El único foco de la directora es para su protagonista, a la que no quita ojo en casi ningún plano, y a la que envuelve con su cámara en una suerte de abrazo invisible que parezca querer reconfortarla. Porque, a pesar de vivir con la familia para la que trabaja de interna, y de ejercer casi como una (segunda) madre con el joven hijo, Val está sola. Y su soledad parece no tener remedio ni consuelo hasta que, de pronto, aparece su hija en la ciudad para realizar las pruebas de acceso a la universidad.

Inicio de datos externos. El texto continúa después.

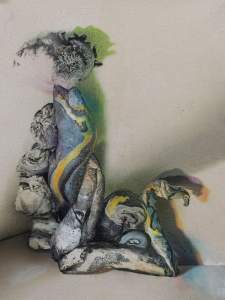 Faer Child is a painting with a distorted form at the center, evoking body parts and stones twisted together.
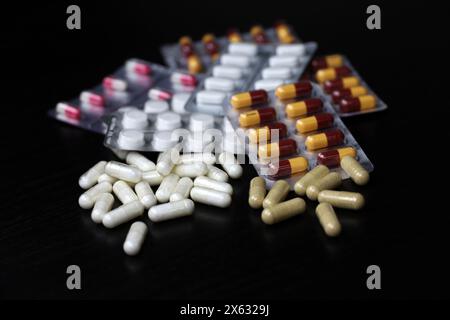 Pillen auf einem schwarzen Holztisch, Variation der Streumedikation in Kapseln. Hintergrundinformationen zu Pharmazie, Antibiotika, Vitaminen Stockfoto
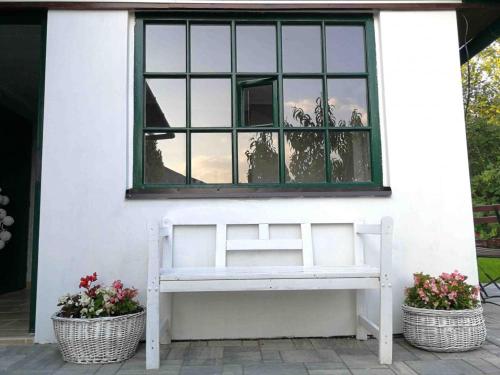 a white bench sitting in front of a window at Pension Brusenka in Bystřice pod Hostýnem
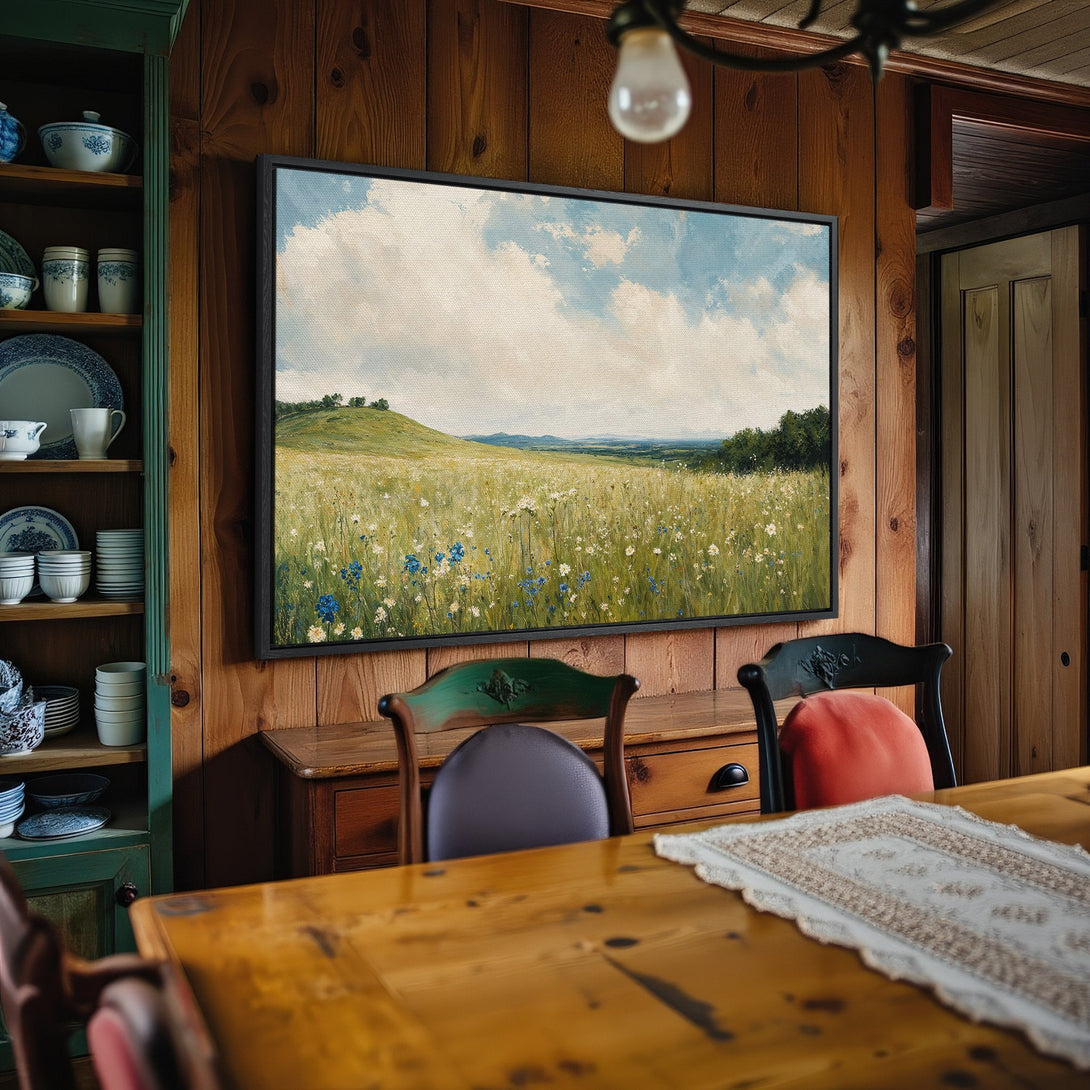 Framed Wall Art Canvas Print of a serene field landscape in a rustic interior. Soft greens, blues, and yellows create a calming, vintage-inspired aesthetic.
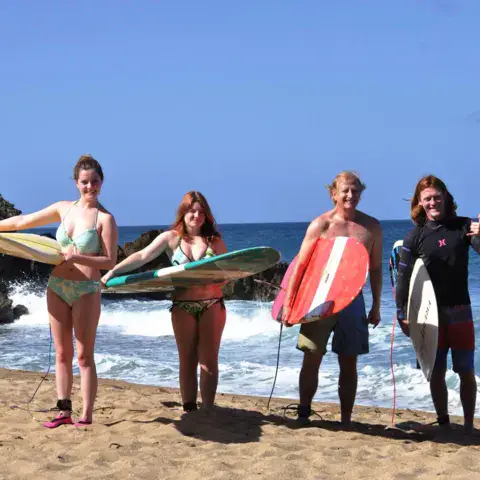 Un groupe de surfeurs sur la plage avec leurs planches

Ese pivote narrativo le servirá a Muylaert para cimentar la estructura de su segunda vía narrativa –mucho más envuelta en la sutileza pese a algún crochet directo: el cuestionamiento de la estructura adquirida. En Una segunda madre la cineasta dispone un claro componente de orden jerárquico, la criada y la señora, para después ofrecer un poderoso elemento de subversión, la hija de Val, que constantemente pone en jaque las prácticas laborales y la segregación de espacios dentro de la casa (por ejemplo, discute con furia la idea de que su madre no pueda sentarse a desayunar en la mesa del comedor).

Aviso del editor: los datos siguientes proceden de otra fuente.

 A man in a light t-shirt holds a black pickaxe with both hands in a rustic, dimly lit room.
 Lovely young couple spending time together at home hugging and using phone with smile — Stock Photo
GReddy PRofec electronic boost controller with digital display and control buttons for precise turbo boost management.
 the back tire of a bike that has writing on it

Sutil y provocadora, Anna Muylaert desliza una denuncia de los mecanismos de predominancia que a día de hoy siguen manteniendo su vigencia en determinados sesgos de población. Su mirada siempre se coloca al lado de la de Val, a la que persigue, con la que se detiene, a la que filma con interés; es ella la que observa y ofrece lo más parecido a un plano general de contexto. Son sus ojos los que miran a esa familia inalcanzable, idealizada en muchas ocasiones, para la que trabaja.
Una segunda madre es un relato de renuncias, las que se ve obligada a hacer Val cuando llega su hija, y de afectos, los que siente por su pequeña, pero también por su (segundo) hijo. En esa dialéctica de contrarios, de renuncias, melancolías e imposibilidades deambula Muylaert con paso firme. La creadora sitúa constantemente a sus personajes en planos opuestos (la familia en la planta superior, la protagonista en la inferior; la piscina, llena cuando es la familia quien está dentro y vacía cuando es la criada la que moja sus pies tras un pequeño triunfo). Sin embargo, a la hora de la verdad, en el momento de introducir un último y definitivo pivote argumental, lo que demuestra es que la soledad no entiende de clases, y que, ricos o no, todos los personajes son asolados por ese mal, víctimas de esa saudade tan portuguesa, tan pessoana, convertidos en esos “barcos que se cruzan en la noche y ni se saludan ni conocen”.